Los cortes de agua en Ushuaia ya son un clásico de esta gestión. En verano por falta de presión y ahora entrando al invierno por falta de caudal, lo cierto es que la capital de la provincia parece estar condenada a tener restringido éste vital elemento. Por lo pronto y fiel a su estilo, el director de Obras Sanitarias aportó un panorama desalentador para este invierno en la capital fueguina.
En diálogo con la prensa, José Mansilla dijo que “desde el sábado venimos sufriendo esta pérdida de caudal y de niveles de cisterna de la planta, producto del frío y las heladas que se han registrado este fin de semana”.
“Hoy estamos con 250 litros por segundo en planta 2, y necesito 300 litros para sostener un nivel de cisterna. Todo lo que está entrando sale, y no podemos acumular agua en las cisternas, por lo que empieza a haber sectores de la ciudad sin agua”, señaló.
“En este momento no tenemos prácticamente nada de reserva en las plantas, sucede lo mismo en la zona de Arroyo Grande.

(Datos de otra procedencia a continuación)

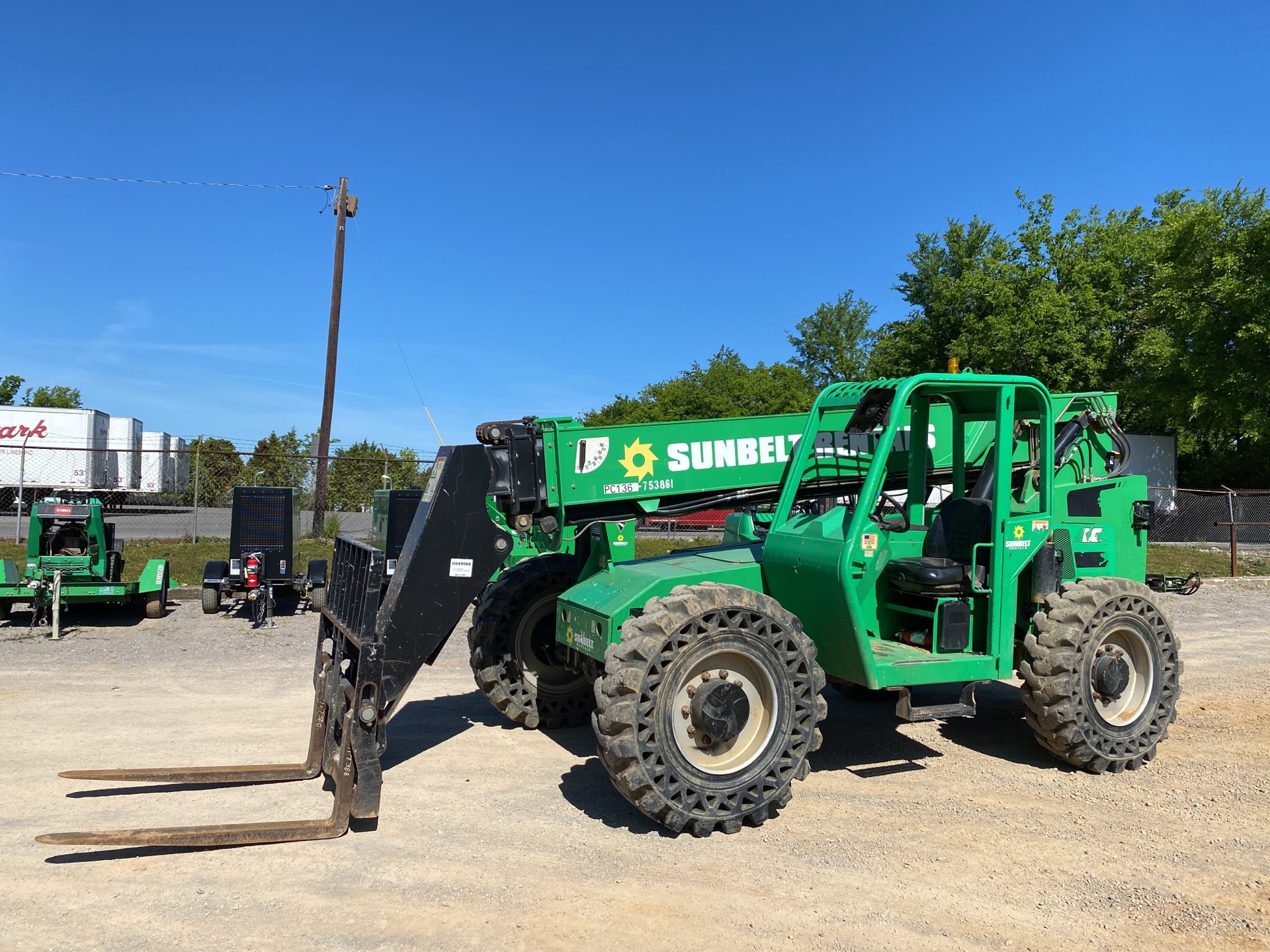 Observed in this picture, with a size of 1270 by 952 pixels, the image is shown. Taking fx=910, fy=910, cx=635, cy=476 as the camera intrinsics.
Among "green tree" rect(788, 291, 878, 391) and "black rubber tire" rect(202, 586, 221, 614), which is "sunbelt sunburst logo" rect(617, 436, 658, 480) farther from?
"green tree" rect(788, 291, 878, 391)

A la noche se congelaron los filtros que están dentro de la planta y nos ocasionó una serie de problemas que no nos permite tener caudal ni reserva suficiente”, agregó el funcionario.

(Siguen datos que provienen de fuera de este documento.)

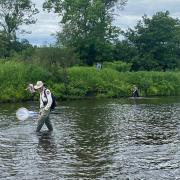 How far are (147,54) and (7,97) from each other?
4629cm

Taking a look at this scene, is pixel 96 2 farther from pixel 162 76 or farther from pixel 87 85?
pixel 87 85

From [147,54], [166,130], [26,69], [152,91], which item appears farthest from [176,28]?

Lo peor de la situación es que no hay salida si no mejora el clima, cuando todavía no comenzó el invierno: “En algún momento hablé de que dependíamos del clima porque las instalaciones, ya sea de potabilización o de bombeo de agua, son obras que necesitan un tiempo y algunas no se han generado todavía”, admitió.
“En cuanto baja el nivel de caudal del (arroyo) Buena Esperanza, empiezo a tener este problema de ingreso de caudal de agua cruda a la planta 2 y voy perdiendo reserva. El sistema de bombeo que tengo desde Arroyo Grande a Buena Esperanza, tiene un límite de 220 litros por segundo, y cuando el Buena Esperanza trae menos de 80 ó 100 litros, ya tengo problemas en la planta”, explicó.

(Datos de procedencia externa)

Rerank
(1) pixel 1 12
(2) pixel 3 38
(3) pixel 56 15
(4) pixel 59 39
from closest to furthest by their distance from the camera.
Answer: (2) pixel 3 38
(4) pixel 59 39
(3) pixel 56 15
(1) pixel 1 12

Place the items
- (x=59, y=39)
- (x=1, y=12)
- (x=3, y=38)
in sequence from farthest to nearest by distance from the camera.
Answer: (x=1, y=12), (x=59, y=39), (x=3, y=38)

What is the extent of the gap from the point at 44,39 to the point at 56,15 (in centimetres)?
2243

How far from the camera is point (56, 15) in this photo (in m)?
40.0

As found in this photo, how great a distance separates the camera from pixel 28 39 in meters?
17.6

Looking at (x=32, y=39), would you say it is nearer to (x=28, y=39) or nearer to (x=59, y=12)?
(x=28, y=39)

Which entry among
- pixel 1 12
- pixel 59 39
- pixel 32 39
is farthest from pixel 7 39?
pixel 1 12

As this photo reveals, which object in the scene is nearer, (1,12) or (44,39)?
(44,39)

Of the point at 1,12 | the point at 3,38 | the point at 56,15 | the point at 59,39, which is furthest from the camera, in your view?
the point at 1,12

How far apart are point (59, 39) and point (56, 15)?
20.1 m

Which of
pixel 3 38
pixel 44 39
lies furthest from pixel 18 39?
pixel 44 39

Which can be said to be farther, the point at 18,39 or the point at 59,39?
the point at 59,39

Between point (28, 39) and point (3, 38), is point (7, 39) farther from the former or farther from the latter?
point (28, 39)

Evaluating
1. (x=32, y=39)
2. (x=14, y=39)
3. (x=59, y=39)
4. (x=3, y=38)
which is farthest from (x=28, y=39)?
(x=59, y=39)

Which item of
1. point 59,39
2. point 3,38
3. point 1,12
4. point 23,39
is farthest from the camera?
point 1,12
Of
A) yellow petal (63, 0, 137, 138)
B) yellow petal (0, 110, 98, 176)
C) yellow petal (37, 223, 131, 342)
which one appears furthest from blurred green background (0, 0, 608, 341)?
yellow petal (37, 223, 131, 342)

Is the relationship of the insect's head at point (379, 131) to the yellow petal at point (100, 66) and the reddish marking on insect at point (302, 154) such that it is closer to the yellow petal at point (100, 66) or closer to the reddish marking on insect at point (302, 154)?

Precisó que hoy “está trayendo 50 litros por segundo. Esos 40 ó 50 litros por segundo siempre se manifestaban en pleno invierno o con heladas intensas, hoy lo tenemos a principio de junio y es preocupante”.
La única esperanza está cifrada en que “levante un poco la temperatura en la semana para ver cómo podemos recuperar niveles en la cisterna”. No hay alternativa, que de hecho ya se analizó en la emergencia, pero no se cumplió con las obras: “El agua falta en algunos barrios desde el domingo y no hay solución. No hay una maniobra que me permita abastecer a la ciudad desde lo técnico. No tengo una solución”, reiteró Mansilla, indicando que “no puedo transportar más agua de la que transporto por bombeo y el agua cruda por gravedad no baja más”.
“Va a depender de cómo se presenten las condiciones climáticas. Lo otro es empezar con una serie de cortes programados para ver cómo hacemos, pero es tan bajo el nivel de agua que tenemos que hay que estudiarlo bien. No sirve de nada cortar por sectores si no voy a poder abastecer lo mismo. Con 250 litros por segundo de entrada o puedo darle solución a nadie”, reconoció el funcionario.
Los barrios que todavía tienen agua, se quedarán sin el servicio en el corto plazo, adelantó: “Estamos por perder todo el resto que nos queda de la cisterna B, que es la que está alimentando a las zonas altas del Kaupén, Bella Vista, Río Pipo. Monte Gallinero se quedó sin agua. Es la única cisterna que queda con un poco de reserva pero en algún momento se va a empezar a quedar sin agua”, sostuvo.
Con respecto al sector industrial, dijo que el problema fue diferente porque allí se dio “un congelamiento dentro de la planta pero es posible normalizarlo. No tiene el mismo problema que el resto de la ciudad”.
Hoy prevén reuniones para ver cómo planear esta emergencia, ante varios meses de invierno por delante, obras que no se hicieron, y una situación conocida, previsible, y agravada por demoras de la gestión.